The bill also calls for $65 billion to expand broadband internet, tying all Americans into the same grid and lowering prices. In the White House statement, Biden explicitly tied the expansion of broadband to the nation’s 1936 expansion of access to electricity through the Rural Electrification Act. Through that act, the government tried to level the playing field between urban Americans who had electricity through private companies and rural Americans who did not because the profit margins weren’t high enough to make it worthwhile for private companies to bring electricity to them. Electrification not only enabled rural Americans to enjoy the new products created in the early twentieth century, but also created a new industry of consumer products that helped the post–World War II economic boom.

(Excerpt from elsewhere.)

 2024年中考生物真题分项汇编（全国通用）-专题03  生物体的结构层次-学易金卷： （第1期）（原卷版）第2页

This bipartisan bill remains precarious. It is always possible that the Republicans cannot muster the 10 votes they need to pass the bill, and continuing to tinker with it is simply a way to run out the clock on the congressional session so that the Democrats cannot get the infrastructure deal they want so badly. 

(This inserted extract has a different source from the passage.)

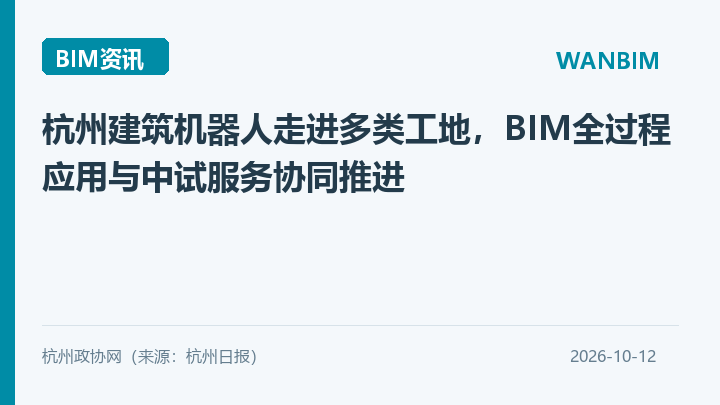 杭州建筑机器人走进多类工地,BIM全过程应用与中试服务协同推进资讯概览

From the other direction, progressive Democrats have made it clear they will not accept this bill, which focuses on “hard” infrastructure like roads and bridges, unless it goes along with a larger “soft” infrastructure bill that focuses on human infrastructure. There are not enough Republican votes to pass that second measure over a Senate filibuster, so it will have to pass the Senate through budget reconciliation, which requires only a simple majority. But that means it will need all 50 Democratic votes, and Senator Kyrsten Sinema said she does not support the bill in its current form. She apparently wants adjustments, but what they are and whether progressives will accept them remains unclear.

Still, the idea of this new, sweeping infrastructure package becoming reality is huge. Former President Donald Trump, who wanted badly to pass an even larger infrastructure bill during his own term of office but who couldn’t do so, has responded to the idea that Biden might manage to pull this off with a demand that Republicans scuttle the entire thing. That several prominent Republicans are ignoring Trump illustrates the potential of this deal to weaken the Trump supporters in the party as the weight begins to shift toward measures that are popular with voters and away from the party’s more common obstructionism.